:: Action item ::
Skip the pictures. Output only the lines below starting at the line with "One Set Jumbo" and ending at the line with "Trendy Black T-shirt", both ends included, exactly as they are.

:: Listed entries ::
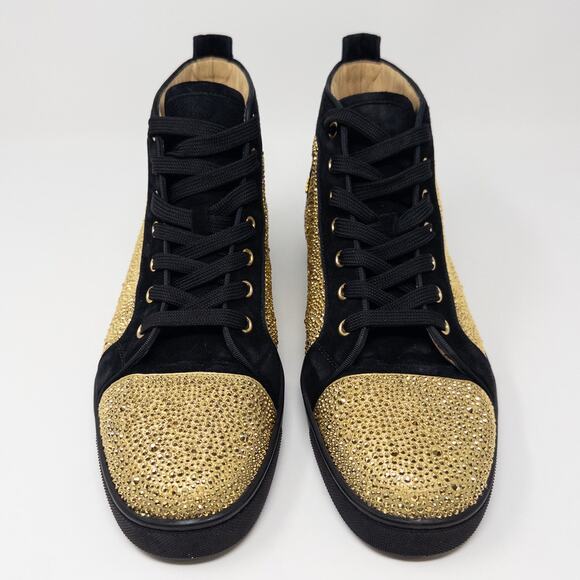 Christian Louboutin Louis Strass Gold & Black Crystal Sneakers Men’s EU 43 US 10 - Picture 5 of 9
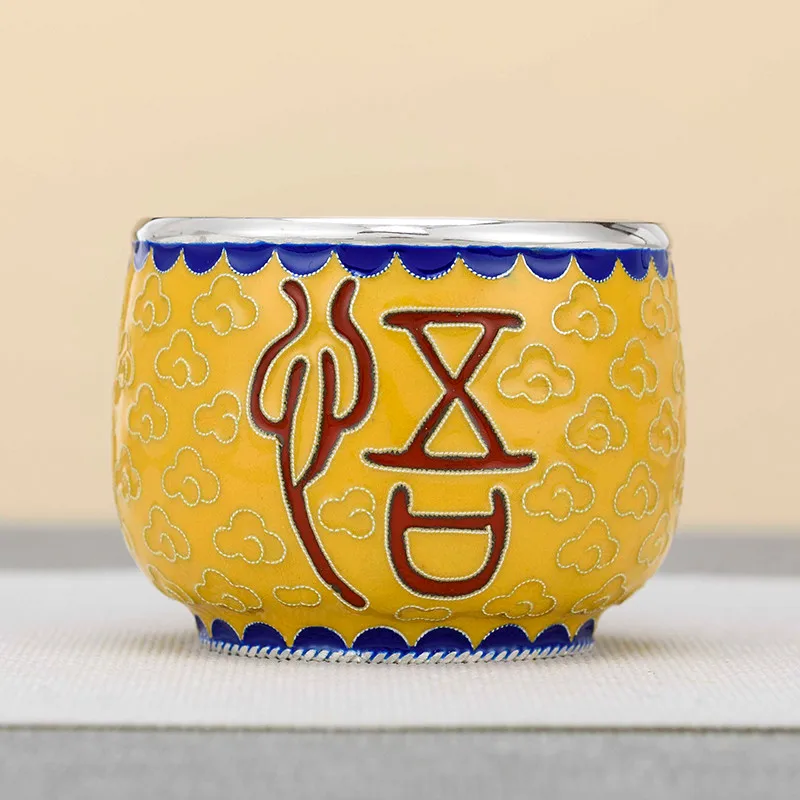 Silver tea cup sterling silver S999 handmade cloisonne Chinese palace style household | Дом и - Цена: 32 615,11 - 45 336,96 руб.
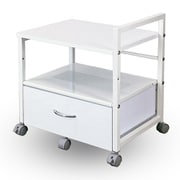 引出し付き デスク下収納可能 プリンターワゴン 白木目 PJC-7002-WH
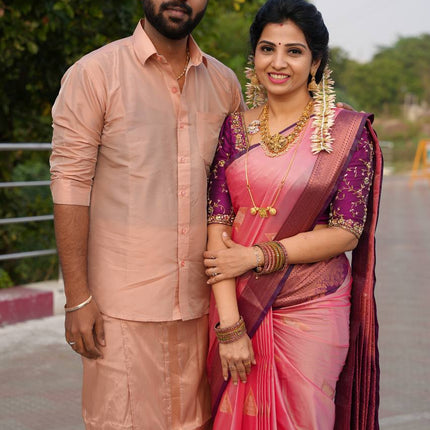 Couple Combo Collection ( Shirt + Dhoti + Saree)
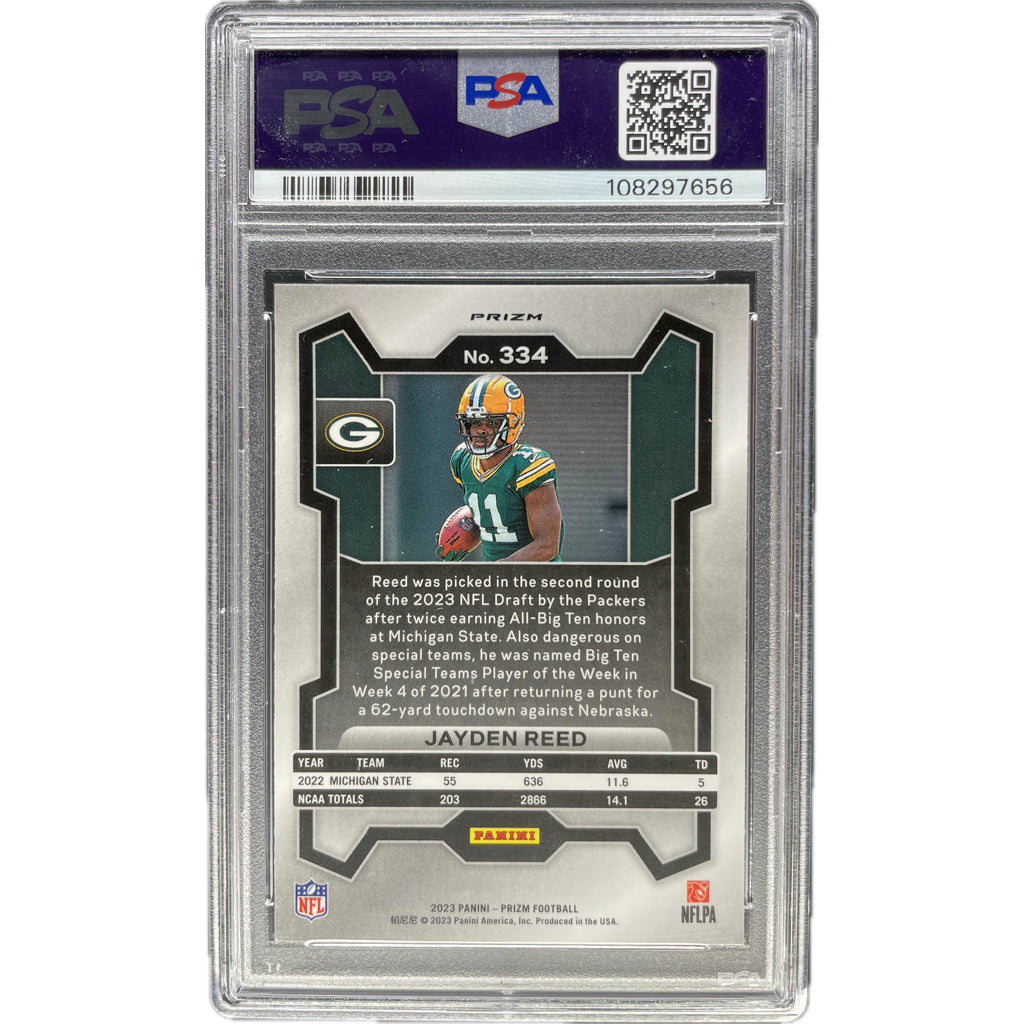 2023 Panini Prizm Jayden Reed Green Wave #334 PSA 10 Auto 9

...

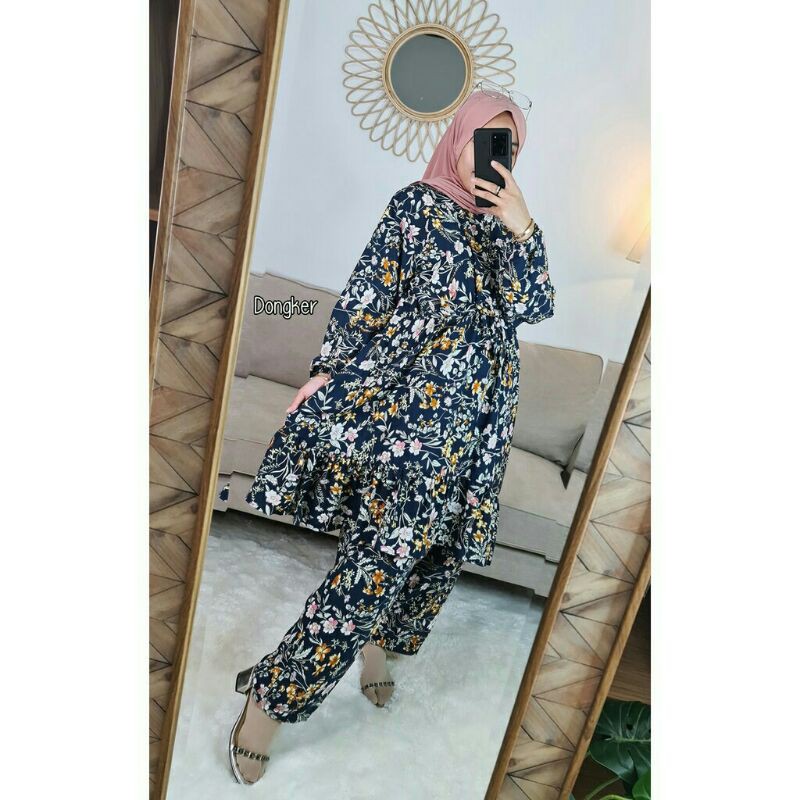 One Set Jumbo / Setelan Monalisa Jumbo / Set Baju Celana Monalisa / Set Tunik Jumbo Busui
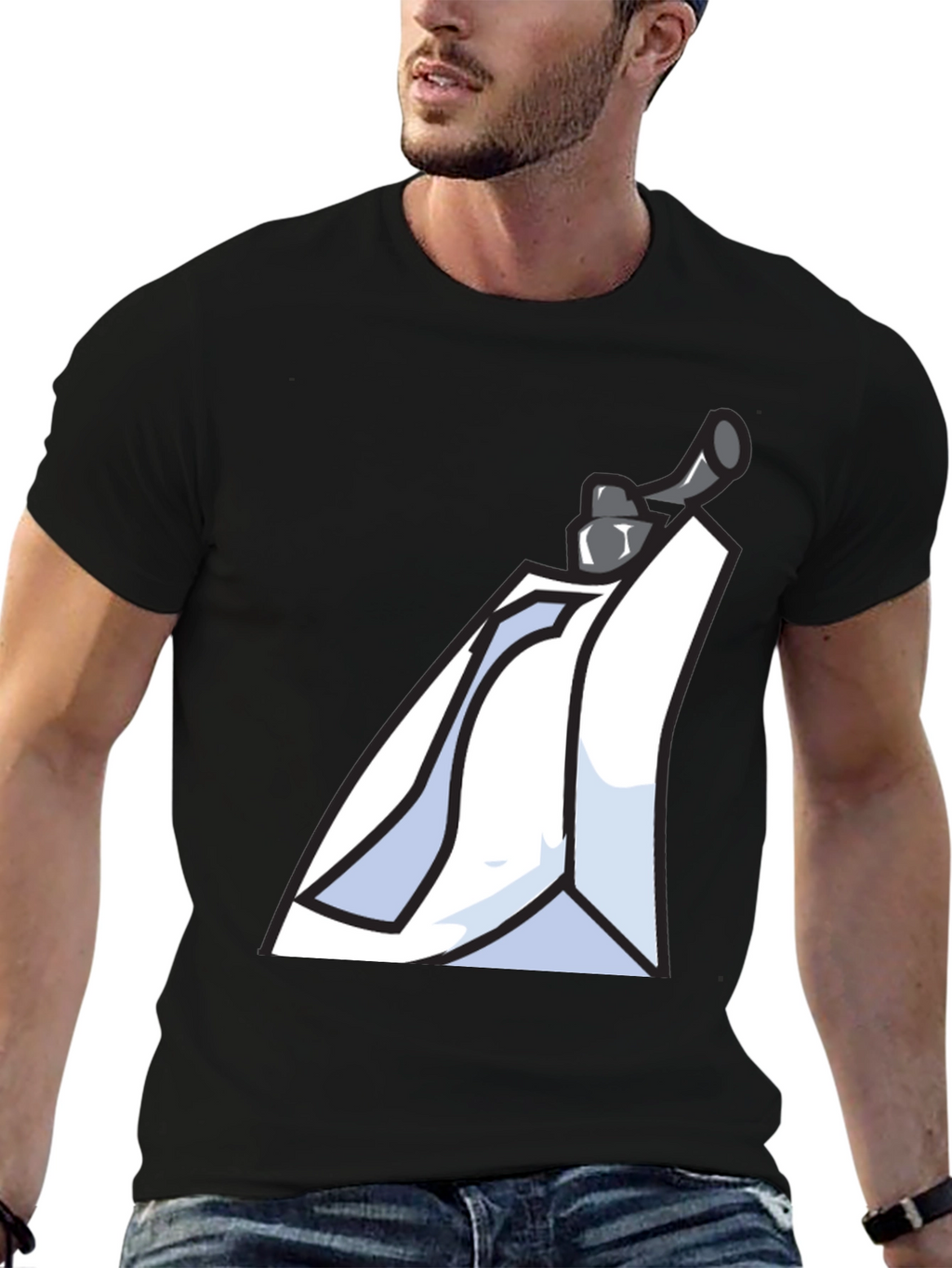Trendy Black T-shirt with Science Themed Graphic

:: Response ::
 One Set Jumbo / Setelan Monalisa Jumbo / Set Baju Celana Monalisa / Set Tunik Jumbo Busui
Trendy Black T-shirt with Science Themed Graphic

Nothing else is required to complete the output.